In the following years up to today, tremendous research activity has resulted in the development of numerous drugs that have proved to be effective in RRMS. Natalizumab (Tysabri®), the first humanised monoclonal antibody for the treatment of MS, which reduces the annualised relapse rate by 68%, was approved in 2007. In 2011, fingolimod (Gilenya®) was approved as the first oral disease-modifying agent, which reduces the annualised relapse rate by 54%. Furthermore, several new drugs have lately been proved in randomised controlled Phase III trials to be effective in RRMS, and are either recently approved in some countries or expected to be approved in the near future. Even more drugs are currently being studied in laboratories and early clinical trials. Therefore, one can truly speak of a “new era” in the treatment of MS as these new therapeutic options, with up to 12 drugs available at the end of 2014, will certainly lead to better care of MS patients.
However, it must be said that none of the approved and upcoming drugs support the regeneration of damaged tissue or substantially improve the degenerative disease process, which explains their lack of efficacy in the progressive types of MS (primary progressive MS [PPMS]; secondary progressive MS [SPMS]).

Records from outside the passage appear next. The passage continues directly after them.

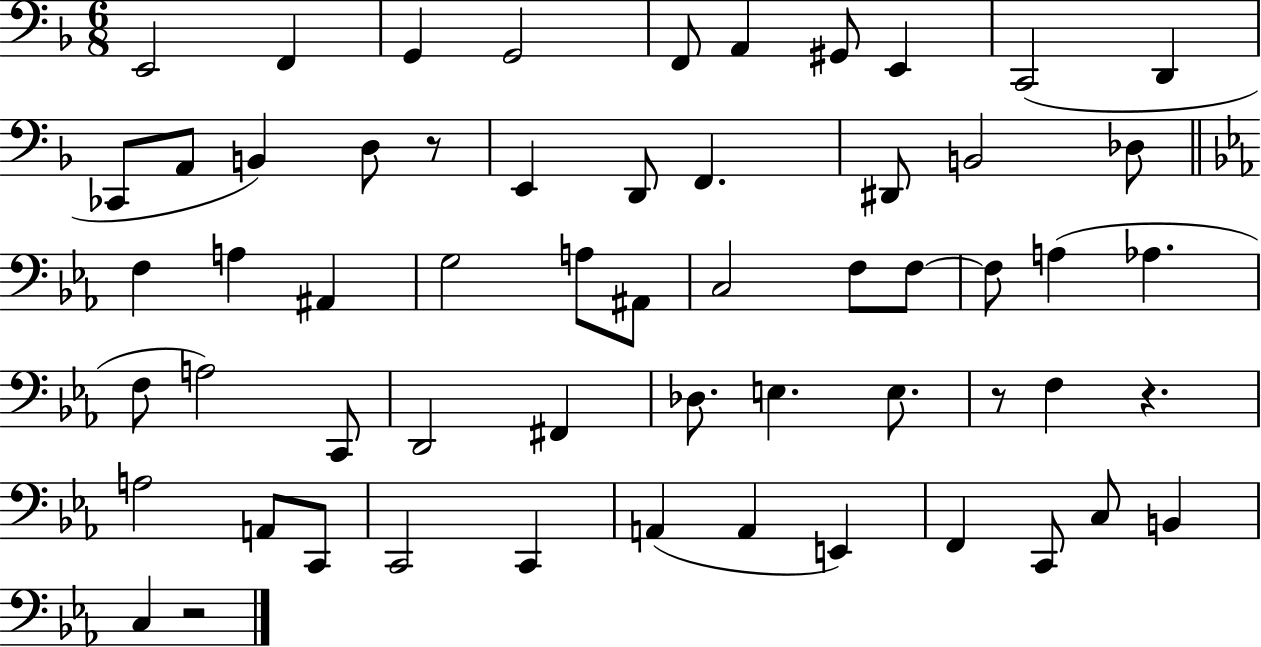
{
  \clef bass
  \numericTimeSignature
  \time 6/8
  \key f \major
  \repeat volta 2 { e,2 f,4 | g,4 g,2 | f,8 a,4 gis,8 e,4 | c,2( d,4 | \break ces,8 a,8 b,4) d8 r8 | e,4 d,8 f,4. | dis,8 b,2 des8 | \bar "||" \break \key ees \major f4 a4 ais,4 | g2 a8 ais,8 | c2 f8 f8~~ | f8 a4( aes4. | \break f8 a2) c,8 | d,2 fis,4 | des8. e4. e8. | r8 f4 r4. | \break a2 a,8 c,8 | c,2 c,4 | a,4( a,4 e,4) | f,4 c,8 c8 b,4 | \break c4 r2 | } \bar "|."
}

With regard to the growing number of therapeutics with their different modes of action, application methods, efficacy, tolerability and safety profiles, a future challenge will be to choose the most efficacious, safe, tolerable and suitable drug for the individual patient. This is especially important as higher efficacy of these drugs tends to be accompanied by rare, but serious, adverse events. For example, MS patients treated with the highly effective drug natalizumab have an overall risk of 2.97‰ of developing progressive multifocal leucencephalopathy (PML), a JC-virus infection of the brain that is lethal in 20% of patients and leads to considerable neurological impairment in most survivors. However, risk stratification is possible, facilitating the usage of natalizumab in the individual patient.
In this issue, [
1] Anastasia Zekeridou and Myriam Schluep give an overview of the approved and upcoming therapies in MS with emphasise on the therapeutic implementations of these drugs in future treatment algorithms and in the treatment of the individual patient.